The strong subscriber additions by Disney+ in the latest quarter helped Walt Disney Co's flagship streaming service close the gap with market leader Netflix Inc, but industry watchers focused on future prospects for streaming in a saturating market.
Disney+ added 11.8 million subscribers in the first quarter as viewers signed up to watch hits like "The Mandalorian" and "Black Widow".
However, a closer look at the numbers showed some of that boost was from Disney's move to bundle Disney+ and ESPN+ with one tier of its Hulu Live service.
Analyst Michael Nathanson of Moffett Nathanson highlighted that 2 million subscriptions were a result of the automatic bundle with Hulu Live and another 2.6 million came from Disney+ Hotstar, which generates about $1 monthly revenue per user.
The media giant's reaffirmation of its long-term goals and a forecast that the second half of the year would grow more strongly than the first half was in sharp contrast to Netflix's gloomy outlook last month.
"Disney may have room to grow on the streaming subscription front but at some point it will hit saturation point," said Russ Mould, investment director at AJ Bell.
Disney's shares rose more than 5% in early trading.
"For now, Disney is defending its competitive position against older players, but this isn't the walk in the park one might expect from a company with a content cupboard already brimming with famous blockbusters," Sophie Lund-Yates, analyst at Hargreaves Lansdown said.
To be sure, Disney is still well behind Netflix in terms of overall subscriber numbers.
The two-year-old streaming service's total subscribers stood at 129.8 million as of last year, as viewers paid to watch "The Book of Boba Fett", and "The Beatles: Get Back" and Oscar-nominated animated film "Encanto".
Netflix had about 222 million total paid memberships, as of 2021.
During its post-earnings conference call, Disney executives stressed the importance of local content as the U.S. market saturates.

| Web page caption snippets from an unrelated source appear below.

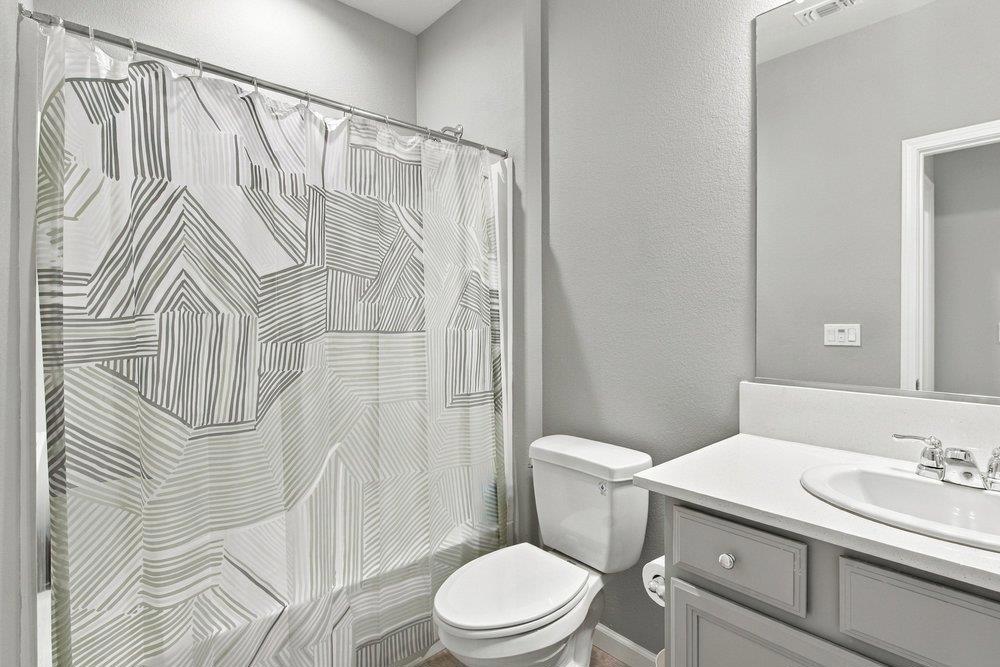 863 Fritz Dr, Los Banos, CA 93635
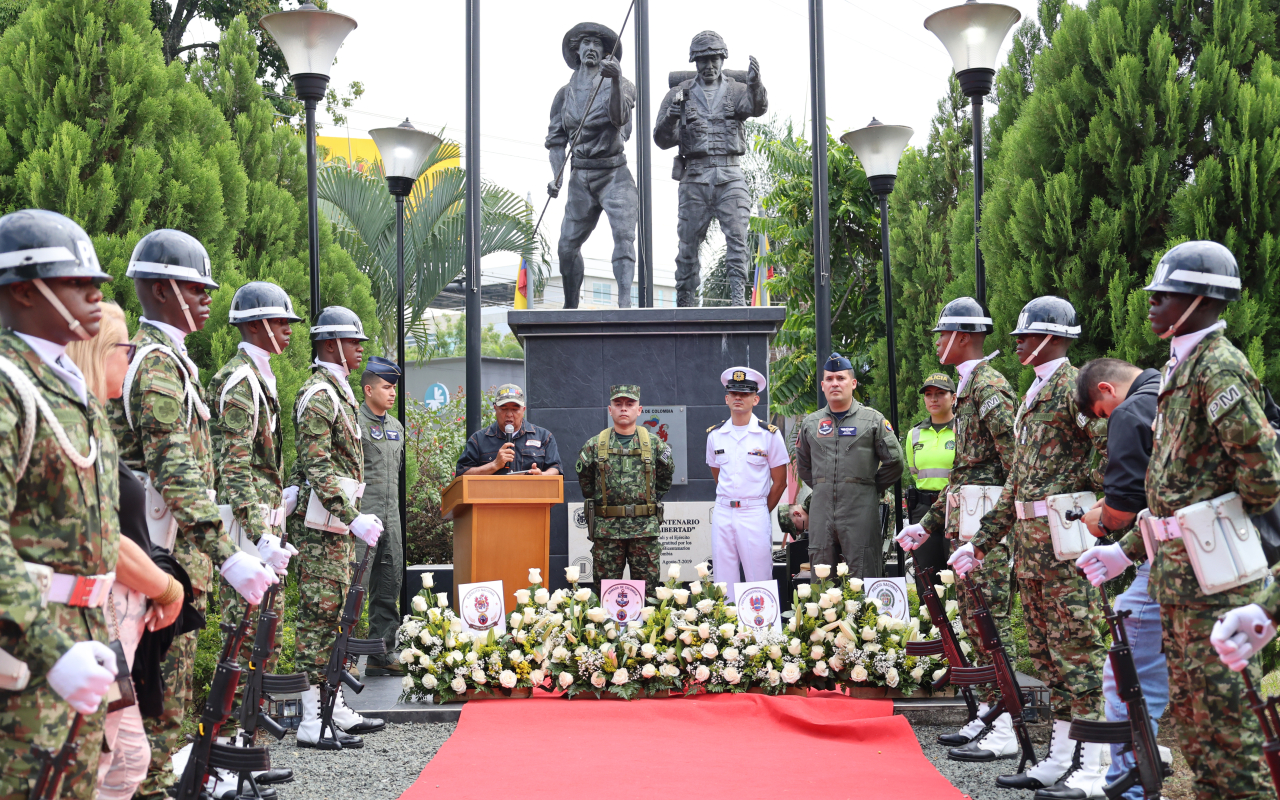 Ofrenda floral exaltó el honor y compromiso de los héroes de Colombia
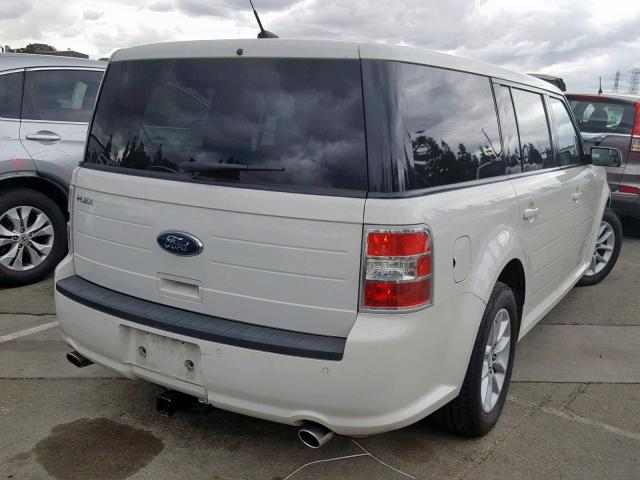 2FMGK5B85DBD14395 - 2013 FORD FLEX SE WHITE photo 4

The company recently appointed Rebecca Campbell to double down on international content.
Netflix has successfully leaned on locally produced content to counter the lack of legacy blockbusters, attracting millions of international subscribers with shows such as "Squid Game", "Money Heist" and "Lupin".
Disney's finance chief Christine McCarthy said on the earnings call that out of the $33 billion in total spending, about a third is set aside for sports and the remainder for content.
"With Disney+ coming to 42 more countries in the summer of 2022, the international growth story may prove more important than the U.S.," said Joe McCormack, senior analyst at Third Bridge.